Saturday, January 23, 2010

Am I being naive?

The January 20 Denver Post has an above-the-fold front page story about Gayle Haggard. She is the wife of Ted Haggard, who was the pastor of an evangelical megachurch in Colorado Springs. He was also the president of the National Association of Evangelicals and ran several other large ministries.

Gayle has written a book entitled Why I Stayed, referring to the fact that she has stayed married to Ted, even after it was revealed that Mr. Haggard had a secret life of drug use and homosexual liaisons. She chose to forgive him and to continue to love him. That is what her understanding is of Christianity. She says she and her husband have been treated better by people whose faith - or lack thereof - was unknown to the Haggards, than they have been by fellow church members.

Mr. Haggard finally revealed the truth, after a talk radio interview with his accuser. That night, "in spite of her anger, revulsion, and pain, she started choosing to forgive" him. "I turned and slid into his arms." She said if he had not repented and if he had persisted in sin, she might have chosen differently.

I think Mr. Haggard is an extremely lucky man to have a wife like Gayle Haggard. I know I might be somewhat naive about this and other stories in the news (Sarah Palin?), but I do think Mrs. Haggard is showing us what real Christianity is all about. My wife read the same article, and thinks after Gayle gets her money from the book sales, she'll dump the no-good slug.

What do you think?

4 comments:

swiftone said...

Haven't followed that one, don't know of the people involved other than the names. So my take is that if she's able to truly forgive him, and he's able to truly repent, God bless 'em both. Odds are against it. Frankly, my suspicion is that too much of running the mega churches is business, and not strictly speaking God's business. They both rate to be more than a little addicted to their con game.

Terri Wagner said...

I think it's much easier in the beginning to say you forgive because the pain and anguish of the other person touches you so deeply. But forgetting and being able to push it away as that person's repentance turns back to normacly (not necessarily back to their sin just back to being them however wiser and sadder), it becomes ironically harder to maintain forgiveness. And that's even assuming he stays repentant. I'm with your wife on this one.

Mrs. Who said...

Is she stays with him, she's a far better woman than I am.

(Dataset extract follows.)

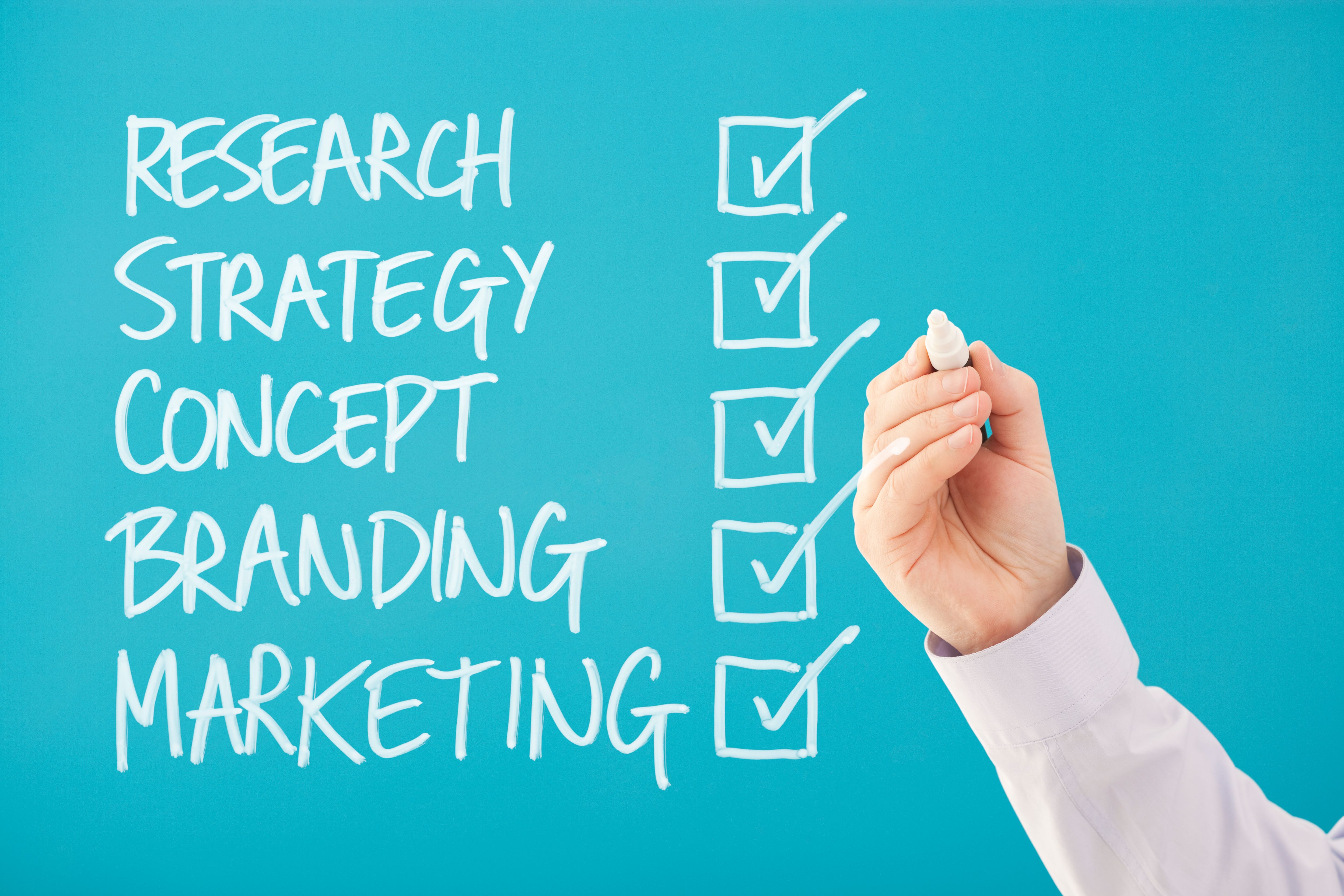 Vous avez cochées cases de recherche de Concept de stratégie de Marketing de marque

But if there's true forgiveness and repentance, then more power to them.

Nancy Reyes said...

Are you being naive? in a word: Yes.

As a doc, I have treated too many women who stayed in marriages with gays, and only later did they admit the subtle abuse that they had to put up with day after day.

Yes, some bisexual men can happily marry and love their wives, and could be forgiven for a "one night stand"; but a man who abused drugs and had several affairs? I don't think so. Sounds like he married her "for cover" not for love.

Her talk about "love" and "forgiveness" reminds me of the talk of abused women, who stay with abusive spouses and spout about why God wants them to do so, or because they "love" him and he promised them he will change.

The problem is that the men learn the wrong lesson: That they can go on with their behavior, and always be forgiven.

Forgiveness doesn't mean being blind to his mistreatment of her and the family, and it doesn't mean staying with him so he can do it again and again.